Luke Cage History: From Hero for Hire to Hollywood
TV, Comic Books
Ganges #2 (2008) page 3. Kevin Huizenga.
Comics’ panel-by-panel mode of presentation is incredibly effective at sucking people in. The simple fact that we say we “read” comics when we describe following strings of pictures attests to how strong a tool for immersion sequencing is. And it’s especially strong when we step back for a moment and think about just how weird, how alien cartoons look. A single panel of a comic, especially one drawn with the blend of simplification and exaggeration that forms the look of newspaper strips and many alternative comics, is as much a conceptual statement about form as a depictive drawing. Where the real depiction comes into play is with the sequencing, which turns cartoons from abstractions into living vehicles for movement and action.
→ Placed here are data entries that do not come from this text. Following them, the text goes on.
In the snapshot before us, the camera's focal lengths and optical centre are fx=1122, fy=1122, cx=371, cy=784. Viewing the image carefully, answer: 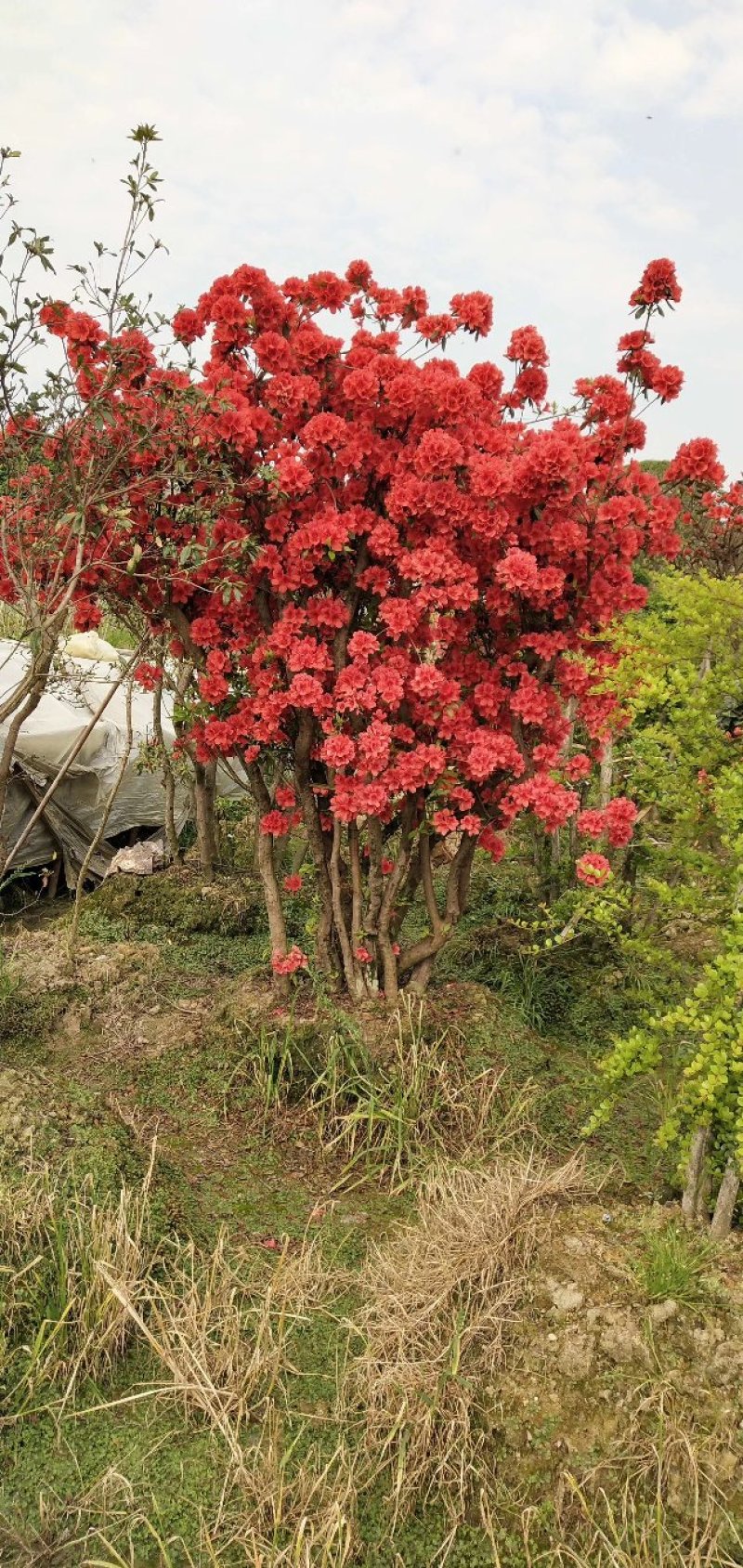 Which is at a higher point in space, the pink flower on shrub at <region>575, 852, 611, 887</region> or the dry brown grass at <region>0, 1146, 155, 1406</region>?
the pink flower on shrub at <region>575, 852, 611, 887</region>

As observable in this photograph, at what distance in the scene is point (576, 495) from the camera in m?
4.09

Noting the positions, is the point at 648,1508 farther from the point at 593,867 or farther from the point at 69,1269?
the point at 593,867

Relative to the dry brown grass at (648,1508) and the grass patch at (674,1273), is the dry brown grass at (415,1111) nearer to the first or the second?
the grass patch at (674,1273)

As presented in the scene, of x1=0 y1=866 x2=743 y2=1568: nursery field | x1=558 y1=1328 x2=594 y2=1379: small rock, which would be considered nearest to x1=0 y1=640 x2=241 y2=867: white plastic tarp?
x1=0 y1=866 x2=743 y2=1568: nursery field

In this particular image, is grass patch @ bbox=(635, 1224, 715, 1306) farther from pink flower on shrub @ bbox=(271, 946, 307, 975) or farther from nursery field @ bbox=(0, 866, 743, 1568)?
pink flower on shrub @ bbox=(271, 946, 307, 975)

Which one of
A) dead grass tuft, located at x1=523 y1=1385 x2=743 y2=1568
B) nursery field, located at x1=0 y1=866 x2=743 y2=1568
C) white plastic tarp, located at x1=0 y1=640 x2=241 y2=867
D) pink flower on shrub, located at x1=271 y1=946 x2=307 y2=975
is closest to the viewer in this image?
dead grass tuft, located at x1=523 y1=1385 x2=743 y2=1568

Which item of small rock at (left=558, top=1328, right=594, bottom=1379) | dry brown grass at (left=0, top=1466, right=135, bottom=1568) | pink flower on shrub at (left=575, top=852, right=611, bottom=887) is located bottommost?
dry brown grass at (left=0, top=1466, right=135, bottom=1568)

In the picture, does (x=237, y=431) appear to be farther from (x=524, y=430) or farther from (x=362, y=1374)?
(x=362, y=1374)

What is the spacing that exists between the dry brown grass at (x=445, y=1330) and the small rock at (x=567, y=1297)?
0.09 meters

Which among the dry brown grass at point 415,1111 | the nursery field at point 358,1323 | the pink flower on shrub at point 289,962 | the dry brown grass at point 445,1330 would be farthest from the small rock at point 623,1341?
the pink flower on shrub at point 289,962

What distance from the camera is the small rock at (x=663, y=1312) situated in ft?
8.93

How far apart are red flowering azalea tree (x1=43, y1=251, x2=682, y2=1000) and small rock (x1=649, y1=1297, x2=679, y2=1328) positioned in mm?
1671

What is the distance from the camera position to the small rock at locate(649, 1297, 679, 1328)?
272 cm

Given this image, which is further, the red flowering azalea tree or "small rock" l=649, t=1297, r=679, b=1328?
the red flowering azalea tree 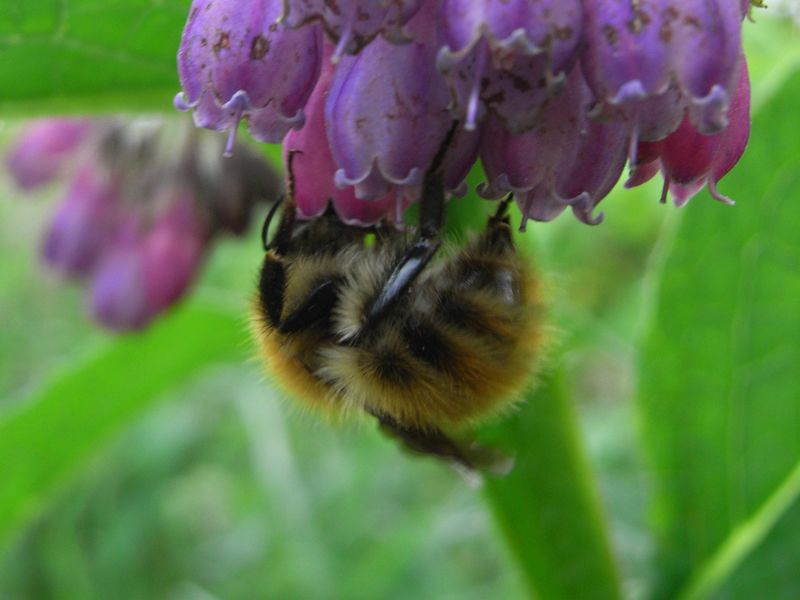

Kevin Huizenga is one of the cartoonists whose work addresses comics’ conflict between the abstract and the literal most frequently and interestingly. Huizenga’s attempts at using comics to mimic the visual effect of video games are especially notable: rather than creating the simulacrum of reality that the vast majority of comics do, what is brought forth instead is a simulacrum of a simulacrum, a copy of a copy, something already abstract abstracted further, its ties to reality stressed and stretched about as close to the breaking point as they can go.
Huizenga’s departure from reality is a highly attractive one for a few reasons beyond the usual — though certainly still valid — comics-are-supposed to-be-escapism chestnut. It’s a mental workout, something more engaging (even edifying) than the passive reception most comics allow their readers. In order to glean meaning from the sequenced shapes and symbols on this page, the reader is forced to consider the specifics of what’s going on from panel to panel, to reconstruct the oblique narrative with each new picture. Sometimes comics give readers too much, making the words and pictures blur into the indistinguishable mass called “story” without first being recognized for what they are. With pictures like Huizenga’s, which give us nothing more real than a horizon line, the immediate effect is that of drawings rather than narrative. It’s a gradual process to piece this page together into an uninterrupted sequence, which means readers have that much more time to spend with the crisp lines and radically unfamiliar forms Huizenga builds with.
More than that, though, Huizenga uses his unfamiliar symbols to create a true fantasy comic, something not held by our world. Here, abstraction is an excuse for the artist to draw whatever he wants as much as anything else, and Huizenga’s imagination is up to the challenge. Every new panel holds something completely unexpected when what’s going on is divorced from reality: forms explode, recombine, sprout new appendages, and perform the violent physical interaction so native to comics in a way that can’t quite be fully understood. (Though the sunset in the final three panels does inject a perverse logic into the sequence by evoking the world’s single most inevitable, basic process, the passage of solar time.) On this page, Huizenga creates a world that is completely under his control, subject not even to the basic laws of physics and logic, only to the imagination propelling it. It reminds us of a basic truth of comics: anything the artist can dream can be drawn. Just put it in sequence.